Maintaining API docs can be a real pain, and a lot of people overlook them, especially when it is purely an internally-used service.
I’ve discovered a few nice tools that generate pretty docs based on markdown files, but I haven’t found anything that automates the process of maintaining the actually content.
I was thinking about how to do this, and I think it would be really cool if there was some sort of DSL or library for automating JSON API docs via integration tests on your controllers.
For example, you might have a test like this that creates a new blog post:
test "create a post" do
assert %{
"title" => "My first post",
"body" => "Some content...",
"inserted_at" => _,
"updated_at" => _
} =
build_conn()
|> post("/posts", title: "My first post", body: "Some content...")
|> json_response(:created)
end
And then some mix task would automatically generate documentation based on your tests.
Does anyone know if something like this already exists?
If it doesn’t already exist (and isn’t impossible for some reason), here’s one way I can think something like this might be implementable:
Provide some simple functions to document requests and responses:
test "create a post" do
request = post(build_conn(), title: "My first post", body: "Some content...")
response = json_response(request, :created)
document(request, response)
assert # something
end
I’d imagine you could simplify that to something more like this:
test "create a post" do
assert %{
"title" => "My first post",
"body" => "Some content...",
"inserted_at" => _,
"updated_at" => _
} =
build_conn()
|> post("/posts", title: "My first post", body: "Some content...")
|> json_response(:created)
|> document()
end
These functions might do nothing when just running mix test, but would build some universal documentation output (Markdown or something) when you run MIX_ENV=test mix apidocs.
Have you heard of Swagger? I saw this post post a few days ago an it seems that it uses a json specification to document you endpoints. I don’t seem too hard to automate this json file generation, but I dont know if this would be a nice option
These look better, but you still have to maintain this manually. Defining the schemas, for example, comes really close to repeating code that is already in your views (it’s just different enough that you can’t re-use view functions). If I made a change to a view, I’d have to remember to make the subsequent change the my swagger schema definition.
I still maintain that generating docs from your tests would be valuable. Every request or response you would see documented would therefore have been guaranteed to run through a test. It would be nearly impossible to have bad documentation, because your tests would then be failing.

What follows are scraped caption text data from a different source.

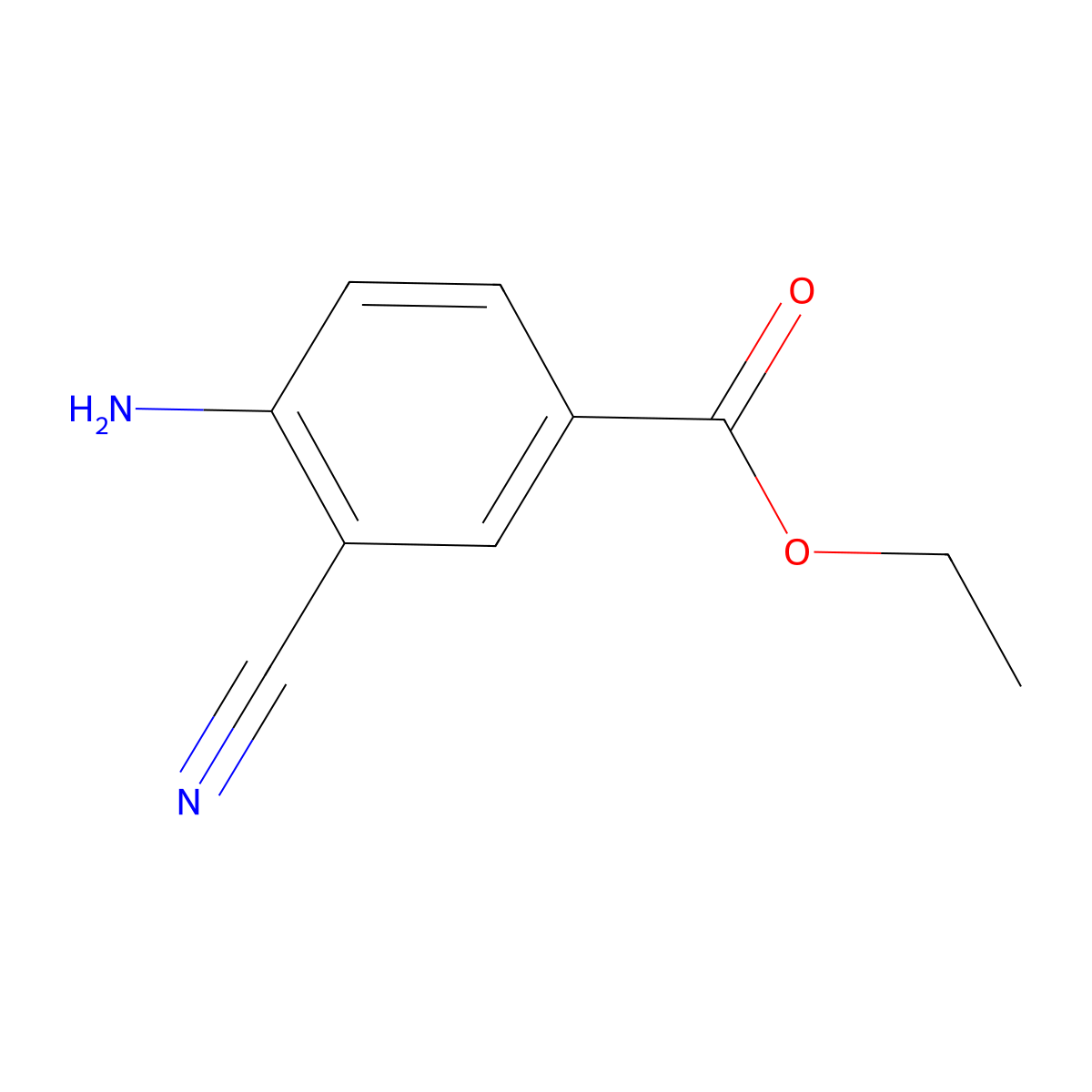 Ethyl 4-amino-3-cyanobenzoate molecular structure, CAS 1260742-52-6
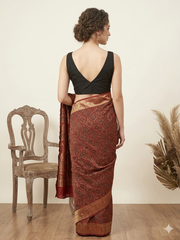 AJRAKH Printed Dola Silk Saree
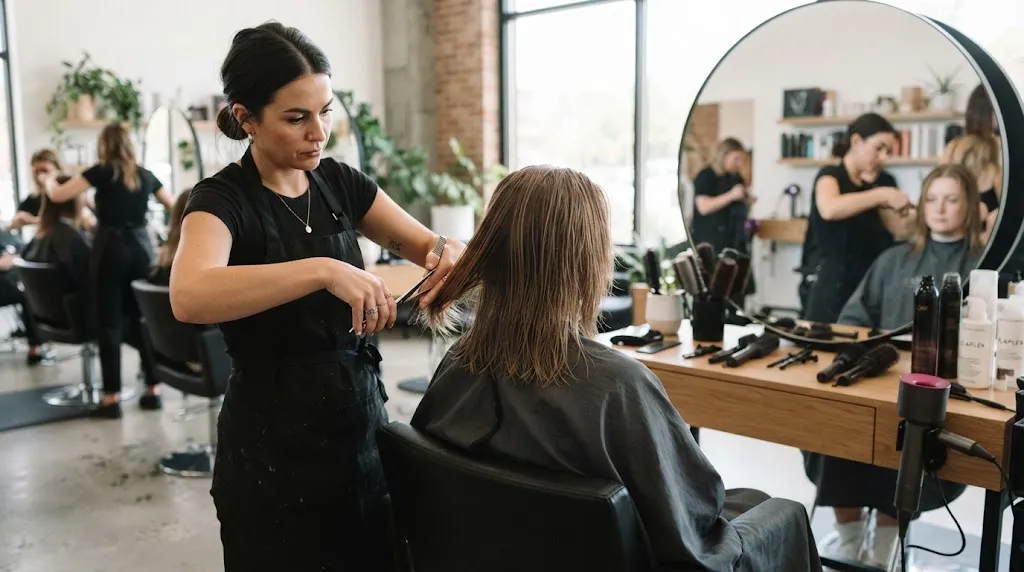 A professional hairstylist meticulously shaping and styling the back of a client's hair in a bright, modern salon setting.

Hey @pdilyard, I have implemented this, currently working on making it non-$project-specific and releasing an open source library. We have reached the full automation, including CI checks (e.g. you can’t push any code through that isn’t inline with the documentation) and auto-deployment of the docs page itself (on a free heroku node BTW).
I’ll let you know when I have a public repo if you’re interested. Hoping to release it early next year.
^ Apidocsjs works very well for my use cases with Elixir. I created a simple phoenix app that gets called by a github webhook whenever a pull request is merged to develop and auto updates the apidoc js output documentation which is hosted on S3. The same app then acts as a reverse proxy to the S3 resources with auth in front of them.
We use phoenix_swagger to generate a swagger spec, then bureaucrat with a custom markdown formatter similar to this to merge the swagger spec and the test examples into markdown.
Finally process the markdown with a static site generator, and put the results back into the priv/static directory of the Phoenix app for self hosted docs.
swagger and apidocs are very different animals IMO.
Swagger is designed to be interactive API explorer. There is limited support for sample runs (curl session recordings). For example, there is no way to record multiple samples for the same return code and “produces” type. I, API consumer, prefer (at least initially) to see samples without executing anything. Schema is nice but it is not simple to construct samples in my head quickly.
Am I the only one that thinks the JSONAPI spec is way over-engineered and inefficient both? I’m not sure why GraphQL would not be used as it seems to do everything JSONAPI does but significantly better, especially with introspection and API documentation generation?
I like the way JSON:API standarizes the API for filter, sort and page.
Is the GraphQL equivalent to use parameterized fields with many optional arguments?
Indeed. Most folks are using the Relay connection pattern for paginated fields, and you can put whatever arguments on there you like. They can be optional for some fields, required for others, and it’s all self documented by the same schema that actually runs everything.